Os valores culturais próprios do sistema económico dominante têm o maior efeito, com «um modelo de desenvolvimento do Norte, prevalece sempre um tipo de desenvolvimento urbano baseado na dependência do automóvel.»

A PNUE vai mais longe apresentando cenários de evolução até 2050 segundo diferentes políticas. Trabalho que foi levado a cabo por vários grupos de especialistas internacionais que trabalharam sobre modelos prospectivos utilizados por várias instituições.

A modelização permite medir a influencia sobre o ambiente de cada um dos quatro cenários através do consumo de energia, as emissões de poluentes, o tipo de actividade agrícola, as reservas de água e outros parâmetros.

São definidos , assim, 4 cenários.

Para cada cenário existe 1 objectivo privilegiado:

A) O primado do mercado = o governo ajuda o sector privado a alcançar um máximo de crescimento económico
Neste cenário o Estado rende-se ao lucro do sector privado, assiste-se ao desenvolvimento sem limite do comércio, e à privatização dos bens naturais.

B) O primado da política = o governo aplica fortes políticas a fim de atingir o objectivo de dar muita importância ao desenvolvimento económico
Neste cenário há uma intervenção centralizada que visa equilibrar um forte crescimento económico por via de um esforço em limitar os impactos ambientais e sociais.

C) O primado da segurança = a prioridade é dada à procura de segurança sobre outros valores, colocando limitações crescentes ao modo como vivem as pessoas.

D) O primado da ecologia = aposta na colaboração entre o governo, a sociedade civil e o sector privado para melhorar o ambiente e o bem-estar de todos.
Neste cenário a opção clara é pela sustentabilidade e equidade, onde os cidadãos desempenharão um papel activo.


Sem surpresa o cenário ecológico tem em vista reduzir a amplitude da crise económica. Supõe que a demografia evolua abaixo das previsões da ONU,ou seja, de 8 biliões de habitantes em 2050. A taxa de crescimento anual da economia mundial seria moderada, mas longe de ser nula, uma vez que é admitido que o produto interior bruto mundial possa triplicar.

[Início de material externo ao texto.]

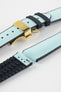 Ice blue textile-effect watch strap with black rubber backing and a gold-tone deployment clasp, shown in separate sections on a white background. Features a woven-look surface, black edges, and a patterned rubber underside.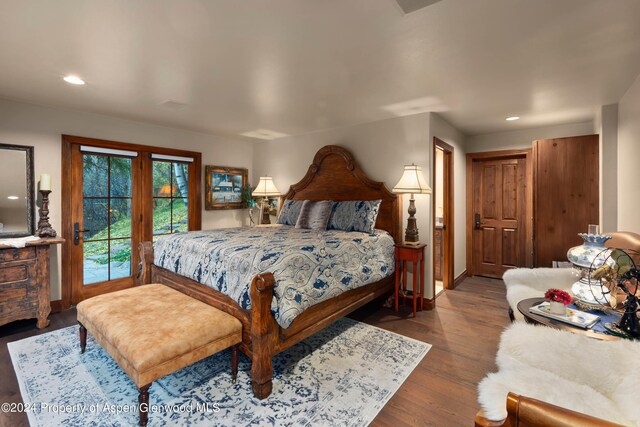 bedroom with dark hardwood / wood-style flooring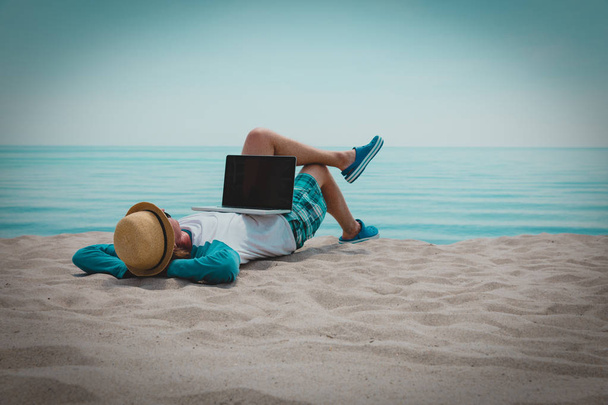 relaxado jovem trabalhando no laptop na praia
 - Foto, Imagem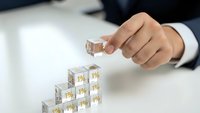 Businessman hand placing wooden cube block on top of pyramid stack for business growth strategy and success planning concept.
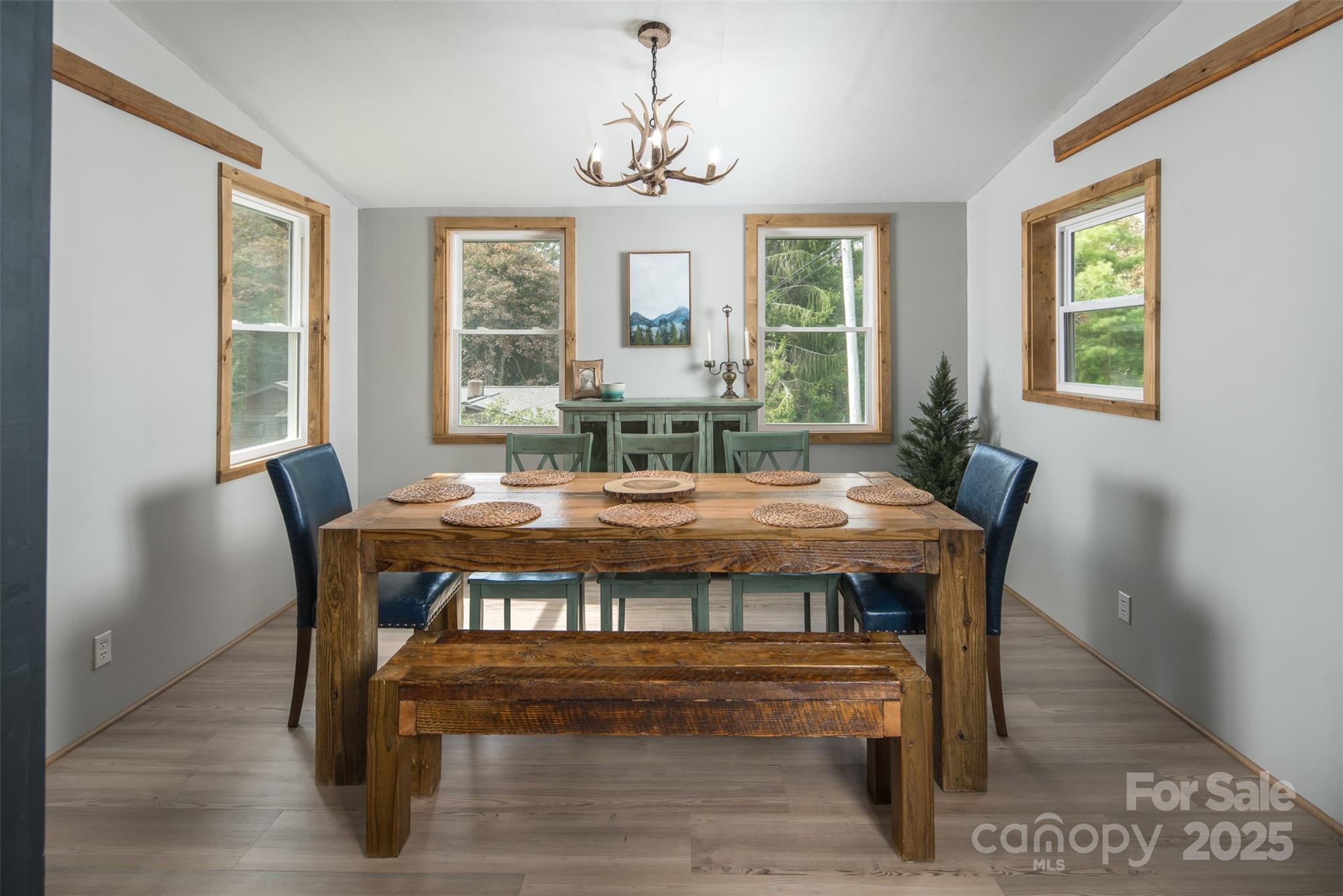 1090 Horse Bottom Road Banner Elk, NC 28604 - Photo 10 of 30 a view of a dining room with furniture window and wooden floor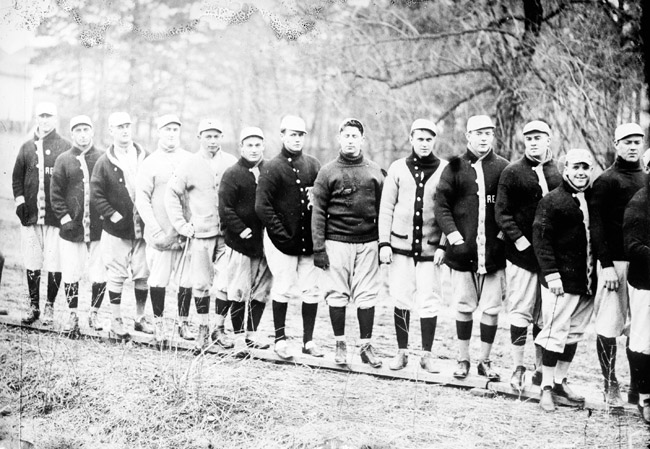 Group of white men in sports uniforms standing in line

O cenário mercado mais não faz que prosseguir a lógica dominante dos anos 1990, prevendo-se que a população atinja os 9 biliões em 2050 e a multiplicação por cinco do crescimento do PIB mundial. Este cenário conduzirá a uma situação ecológica muito degradada em 2050, tal como o cenário de segurança que induzirá a conflitos permanentes por todo o planeta. Segundo os autores do relatório « no cenário do mercado, o ambiente e a sociedade evoluirão muito mais rapidamente para perturbações em que mudanças súbitas e irreversíveis poderão acontecer.»

O prosseguimento da liberalização aparece assim como o cenário mais perigoso. Os especialistas fazem notar que a lógica ecológica é incompatível com a busca ilimitada do crescimento económico: «A perda da biodiversidade e a mudança climática têm consequências irreversíveis, que o crescimento dos rendimento não poderá resolver»

A análise do PNUE não deverá alterar a curto prazo o sentido das políticas económicas que continuarão a estar focalizadas na liberalização e no crescimento. Mas apoiando o diagnóstico pessimista traçado pelo GIEC sobre o clima, e surgindo alguns dias antes do anúncio do Programa das nações Unidas para o Desenvolvimento (PNUD) sobre os efeitos das mudanças climáticas sobre os países mais pobres, o certo é que o Relatório agora divulgado sublinha a importância de ora em diante a comunidade ambientalista se preocupar pelas escolhas económicas para o futuro.